BEGIN Data listing
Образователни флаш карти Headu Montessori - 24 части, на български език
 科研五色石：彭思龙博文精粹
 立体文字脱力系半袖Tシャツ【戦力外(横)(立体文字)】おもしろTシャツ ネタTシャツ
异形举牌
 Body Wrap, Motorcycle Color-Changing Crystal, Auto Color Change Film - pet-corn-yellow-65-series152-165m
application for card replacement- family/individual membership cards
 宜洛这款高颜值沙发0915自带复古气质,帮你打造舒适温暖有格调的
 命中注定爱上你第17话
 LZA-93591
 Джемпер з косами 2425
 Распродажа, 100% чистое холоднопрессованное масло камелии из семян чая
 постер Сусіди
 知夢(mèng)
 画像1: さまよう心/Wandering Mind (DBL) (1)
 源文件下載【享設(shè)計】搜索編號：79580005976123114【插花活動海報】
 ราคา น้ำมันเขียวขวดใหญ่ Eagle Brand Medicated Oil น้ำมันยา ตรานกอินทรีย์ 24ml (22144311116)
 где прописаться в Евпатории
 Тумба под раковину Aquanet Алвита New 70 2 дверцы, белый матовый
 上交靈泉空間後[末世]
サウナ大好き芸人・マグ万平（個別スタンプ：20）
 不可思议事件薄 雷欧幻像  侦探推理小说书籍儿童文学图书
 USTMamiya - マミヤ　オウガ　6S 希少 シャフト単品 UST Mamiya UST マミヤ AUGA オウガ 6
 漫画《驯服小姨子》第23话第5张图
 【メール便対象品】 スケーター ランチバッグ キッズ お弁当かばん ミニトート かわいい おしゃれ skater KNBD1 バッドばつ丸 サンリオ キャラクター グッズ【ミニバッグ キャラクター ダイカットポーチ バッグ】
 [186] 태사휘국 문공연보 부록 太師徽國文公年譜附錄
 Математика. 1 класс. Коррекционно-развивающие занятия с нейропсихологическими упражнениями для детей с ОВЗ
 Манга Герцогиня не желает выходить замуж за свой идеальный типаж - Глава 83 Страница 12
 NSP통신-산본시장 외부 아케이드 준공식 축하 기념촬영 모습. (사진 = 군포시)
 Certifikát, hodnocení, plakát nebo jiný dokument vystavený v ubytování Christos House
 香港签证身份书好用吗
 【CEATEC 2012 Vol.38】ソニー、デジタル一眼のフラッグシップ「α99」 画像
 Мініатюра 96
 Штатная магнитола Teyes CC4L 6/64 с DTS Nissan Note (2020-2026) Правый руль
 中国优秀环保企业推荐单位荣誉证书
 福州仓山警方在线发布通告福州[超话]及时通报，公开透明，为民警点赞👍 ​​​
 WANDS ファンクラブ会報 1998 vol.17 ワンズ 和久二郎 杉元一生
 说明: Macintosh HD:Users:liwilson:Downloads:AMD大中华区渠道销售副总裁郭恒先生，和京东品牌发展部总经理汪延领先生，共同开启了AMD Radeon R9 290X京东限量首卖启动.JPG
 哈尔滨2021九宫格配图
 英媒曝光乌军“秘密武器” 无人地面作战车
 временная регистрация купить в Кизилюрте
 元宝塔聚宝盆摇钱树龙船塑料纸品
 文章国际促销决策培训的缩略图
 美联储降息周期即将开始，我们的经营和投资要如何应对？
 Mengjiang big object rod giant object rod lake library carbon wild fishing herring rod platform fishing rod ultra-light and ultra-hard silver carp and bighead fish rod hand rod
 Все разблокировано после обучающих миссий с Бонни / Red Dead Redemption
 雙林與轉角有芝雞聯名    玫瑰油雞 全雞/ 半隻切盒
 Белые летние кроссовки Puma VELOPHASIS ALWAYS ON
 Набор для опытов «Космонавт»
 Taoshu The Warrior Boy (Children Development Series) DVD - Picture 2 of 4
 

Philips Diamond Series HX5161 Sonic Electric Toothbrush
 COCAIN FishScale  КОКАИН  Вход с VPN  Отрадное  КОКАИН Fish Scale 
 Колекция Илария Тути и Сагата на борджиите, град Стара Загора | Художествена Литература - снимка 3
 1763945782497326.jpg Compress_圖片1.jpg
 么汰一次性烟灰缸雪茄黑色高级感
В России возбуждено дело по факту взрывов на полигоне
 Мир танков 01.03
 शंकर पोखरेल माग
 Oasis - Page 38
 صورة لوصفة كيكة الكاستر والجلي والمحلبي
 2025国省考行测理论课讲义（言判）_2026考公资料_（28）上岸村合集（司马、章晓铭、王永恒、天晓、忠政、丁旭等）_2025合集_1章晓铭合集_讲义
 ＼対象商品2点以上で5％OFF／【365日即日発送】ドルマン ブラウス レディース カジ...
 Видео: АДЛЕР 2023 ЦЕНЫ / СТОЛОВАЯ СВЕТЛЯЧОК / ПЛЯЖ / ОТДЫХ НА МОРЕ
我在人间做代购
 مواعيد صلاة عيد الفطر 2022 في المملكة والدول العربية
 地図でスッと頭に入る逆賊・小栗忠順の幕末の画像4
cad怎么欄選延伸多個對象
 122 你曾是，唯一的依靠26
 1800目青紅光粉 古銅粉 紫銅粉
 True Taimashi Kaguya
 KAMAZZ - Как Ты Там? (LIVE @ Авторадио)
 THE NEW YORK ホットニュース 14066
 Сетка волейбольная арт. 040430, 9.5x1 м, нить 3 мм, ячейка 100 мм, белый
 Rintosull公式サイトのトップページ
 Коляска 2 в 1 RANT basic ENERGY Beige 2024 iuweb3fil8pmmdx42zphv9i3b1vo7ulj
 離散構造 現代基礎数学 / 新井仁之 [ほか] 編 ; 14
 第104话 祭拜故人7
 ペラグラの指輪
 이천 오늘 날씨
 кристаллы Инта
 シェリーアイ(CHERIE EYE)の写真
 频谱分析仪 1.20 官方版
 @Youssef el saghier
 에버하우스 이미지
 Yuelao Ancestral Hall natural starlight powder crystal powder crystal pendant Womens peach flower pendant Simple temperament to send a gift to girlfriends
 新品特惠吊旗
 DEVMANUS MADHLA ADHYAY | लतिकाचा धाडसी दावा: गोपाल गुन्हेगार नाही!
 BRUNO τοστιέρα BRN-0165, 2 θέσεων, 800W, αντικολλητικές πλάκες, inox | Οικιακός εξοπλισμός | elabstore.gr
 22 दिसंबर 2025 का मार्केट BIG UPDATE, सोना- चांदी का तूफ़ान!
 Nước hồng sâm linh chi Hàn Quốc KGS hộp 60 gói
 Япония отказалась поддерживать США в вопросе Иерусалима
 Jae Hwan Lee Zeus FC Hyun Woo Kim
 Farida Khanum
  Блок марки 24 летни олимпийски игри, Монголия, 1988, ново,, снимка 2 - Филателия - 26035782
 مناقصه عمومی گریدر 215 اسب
END Data listing
▶ **Exercise objective**: Output the records again in full. Keep every character as written.

▶ **Solution to this problem**:
Образователни флаш карти Headu Montessori - 24 части, на български език
 科研五色石：彭思龙博文精粹
 立体文字脱力系半袖Tシャツ【戦力外(横)(立体文字)】おもしろTシャツ ネタTシャツ
异形举牌
 Body Wrap, Motorcycle Color-Changing Crystal, Auto Color Change Film - pet-corn-yellow-65-series152-165m
application for card replacement- family/individual membership cards
 宜洛这款高颜值沙发0915自带复古气质,帮你打造舒适温暖有格调的
 命中注定爱上你第17话
 LZA-93591
 Джемпер з косами 2425
 Распродажа, 100% чистое холоднопрессованное масло камелии из семян чая
 постер Сусіди
 知夢(mèng)
 画像1: さまよう心/Wandering Mind (DBL) (1)
 源文件下載【享設(shè)計】搜索編號：79580005976123114【插花活動海報】
 ราคา น้ำมันเขียวขวดใหญ่ Eagle Brand Medicated Oil น้ำมันยา ตรานกอินทรีย์ 24ml (22144311116)
 где прописаться в Евпатории
 Тумба под раковину Aquanet Алвита New 70 2 дверцы, белый матовый
 上交靈泉空間後[末世]
サウナ大好き芸人・マグ万平（個別スタンプ：20）
 不可思议事件薄 雷欧幻像  侦探推理小说书籍儿童文学图书
 USTMamiya - マミヤ　オウガ　6S 希少 シャフト単品 UST Mamiya UST マミヤ AUGA オウガ 6
 漫画《驯服小姨子》第23话第5张图
 【メール便対象品】 スケーター ランチバッグ キッズ お弁当かばん ミニトート かわいい おしゃれ skater KNBD1 バッドばつ丸 サンリオ キャラクター グッズ【ミニバッグ キャラクター ダイカットポーチ バッグ】
 [186] 태사휘국 문공연보 부록 太師徽國文公年譜附錄
 Математика. 1 класс. Коррекционно-развивающие занятия с нейропсихологическими упражнениями для детей с ОВЗ
 Манга Герцогиня не желает выходить замуж за свой идеальный типаж - Глава 83 Страница 12
 NSP통신-산본시장 외부 아케이드 준공식 축하 기념촬영 모습. (사진 = 군포시)
 Certifikát, hodnocení, plakát nebo jiný dokument vystavený v ubytování Christos House
 香港签证身份书好用吗
 【CEATEC 2012 Vol.38】ソニー、デジタル一眼のフラッグシップ「α99」 画像
 Мініатюра 96
 Штатная магнитола Teyes CC4L 6/64 с DTS Nissan Note (2020-2026) Правый руль
 中国优秀环保企业推荐单位荣誉证书
 福州仓山警方在线发布通告福州[超话]及时通报，公开透明，为民警点赞👍 ​​​
 WANDS ファンクラブ会報 1998 vol.17 ワンズ 和久二郎 杉元一生
 说明: Macintosh HD:Users:liwilson:Downloads:AMD大中华区渠道销售副总裁郭恒先生，和京东品牌发展部总经理汪延领先生，共同开启了AMD Radeon R9 290X京东限量首卖启动.JPG
 哈尔滨2021九宫格配图
 英媒曝光乌军“秘密武器” 无人地面作战车
 временная регистрация купить в Кизилюрте
 元宝塔聚宝盆摇钱树龙船塑料纸品
 文章国际促销决策培训的缩略图
 美联储降息周期即将开始，我们的经营和投资要如何应对？
 Mengjiang big object rod giant object rod lake library carbon wild fishing herring rod platform fishing rod ultra-light and ultra-hard silver carp and bighead fish rod hand rod
 Все разблокировано после обучающих миссий с Бонни / Red Dead Redemption
 雙林與轉角有芝雞聯名    玫瑰油雞 全雞/ 半隻切盒
 Белые летние кроссовки Puma VELOPHASIS ALWAYS ON
 Набор для опытов «Космонавт»
 Taoshu The Warrior Boy (Children Development Series) DVD - Picture 2 of 4
 

Philips Diamond Series HX5161 Sonic Electric Toothbrush
 COCAIN FishScale  КОКАИН  Вход с VPN  Отрадное  КОКАИН Fish Scale 
 Колекция Илария Тути и Сагата на борджиите, град Стара Загора | Художествена Литература - снимка 3
 1763945782497326.jpg Compress_圖片1.jpg
 么汰一次性烟灰缸雪茄黑色高级感
В России возбуждено дело по факту взрывов на полигоне
 Мир танков 01.03
 शंकर पोखरेल माग
 Oasis - Page 38
 صورة لوصفة كيكة الكاستر والجلي والمحلبي
 2025国省考行测理论课讲义（言判）_2026考公资料_（28）上岸村合集（司马、章晓铭、王永恒、天晓、忠政、丁旭等）_2025合集_1章晓铭合集_讲义
 ＼対象商品2点以上で5％OFF／【365日即日発送】ドルマン ブラウス レディース カジ...
 Видео: АДЛЕР 2023 ЦЕНЫ / СТОЛОВАЯ СВЕТЛЯЧОК / ПЛЯЖ / ОТДЫХ НА МОРЕ
我在人间做代购
 مواعيد صلاة عيد الفطر 2022 في المملكة والدول العربية
 地図でスッと頭に入る逆賊・小栗忠順の幕末の画像4
cad怎么欄選延伸多個對象
 122 你曾是，唯一的依靠26
 1800目青紅光粉 古銅粉 紫銅粉
 True Taimashi Kaguya
 KAMAZZ - Как Ты Там? (LIVE @ Авторадио)
 THE NEW YORK ホットニュース 14066
 Сетка волейбольная арт. 040430, 9.5x1 м, нить 3 мм, ячейка 100 мм, белый
 Rintosull公式サイトのトップページ
 Коляска 2 в 1 RANT basic ENERGY Beige 2024 iuweb3fil8pmmdx42zphv9i3b1vo7ulj
 離散構造 現代基礎数学 / 新井仁之 [ほか] 編 ; 14
 第104话 祭拜故人7
 ペラグラの指輪
 이천 오늘 날씨
 кристаллы Инта
 シェリーアイ(CHERIE EYE)の写真
 频谱分析仪 1.20 官方版
 @Youssef el saghier
 에버하우스 이미지
 Yuelao Ancestral Hall natural starlight powder crystal powder crystal pendant Womens peach flower pendant Simple temperament to send a gift to girlfriends
 新品特惠吊旗
 DEVMANUS MADHLA ADHYAY | लतिकाचा धाडसी दावा: गोपाल गुन्हेगार नाही!
 BRUNO τοστιέρα BRN-0165, 2 θέσεων, 800W, αντικολλητικές πλάκες, inox | Οικιακός εξοπλισμός | elabstore.gr
 22 दिसंबर 2025 का मार्केट BIG UPDATE, सोना- चांदी का तूफ़ान!
 Nước hồng sâm linh chi Hàn Quốc KGS hộp 60 gói
 Япония отказалась поддерживать США в вопросе Иерусалима
 Jae Hwan Lee Zeus FC Hyun Woo Kim
 Farida Khanum
  Блок марки 24 летни олимпийски игри, Монголия, 1988, ново,, снимка 2 - Филателия - 26035782
 مناقصه عمومی گریدر 215 اسب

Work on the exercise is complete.